SIM swap hacker caught in Florida


Florida police have arrested a 25-year-old named Ricky Joseph Handschumacher. The young man is suspected of grand theft and money laundering. Handschumacher used SIM swapping techniques to steal thousands in Bitcoin and to “drain bank accounts,” according to security researcher Brian Krebs.

Handschumacher’s scam was simple: He called telecom operators and asked them to swap his SIM card for the victim’s SIM card. This, in turn, gave him access to two-factor authentication techniques via SMS and allowed him to access email accounts, bitcoin wallets and file storage systems. I experienced this firsthand a year ago when my phone stopped working and all of my Google passwords began changing without my control.

“In some cases, fraudulent SIM swaps succeed thanks to lax authentication procedures at mobile phone stores. In other instances, mobile store employees work directly with cyber criminals to help conduct unauthorized SIM swaps, as appears to be the case with the crime gang that allegedly included Handschumacher,” wrote Krebs.

The takedown happened after a mother overheard her son pretending to be an AT&T employee. Police found multiple SIM cards and a Trezor in the Michigan home of the first hacker, as well as logins for Telegram and Discord channels dedicated to SIM swapping. The police found that the hackers had stolen 57 bitcoins from one victim. Handschumacher was head of the group.

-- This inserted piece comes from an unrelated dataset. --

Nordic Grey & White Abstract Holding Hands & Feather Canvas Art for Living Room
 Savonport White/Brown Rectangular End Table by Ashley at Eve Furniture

The hackers were allegedly targeting the Winklevoss twins before Handschumacher was arrested.

According to the police complaint, “Handschumacher and another co-conspirator talk about compromising the CEO of Gemini and posted his name, date of birth, Skype  username and email address into the conversation. Handschumacher and the co-conspirators discuss compromising the CEO’s Skype account and T-Mobile account. The co-conspirator states he will call his ‘guy’ at T-Mobile to ask about the CEO’s account.”

Worried about getting hacked? Given the ease with which Handschumacher and his team worked, non-SMS-based two-factor authentication is still the best solution for ensuring you aren’t effected. There are also methods to add a SIM lock to your phone so outsiders can’t swap your SIM as easily, but remember: All the protection in the world can’t stop a dedicated hacker. Keep your important data and cryptocurrencies offline if possible.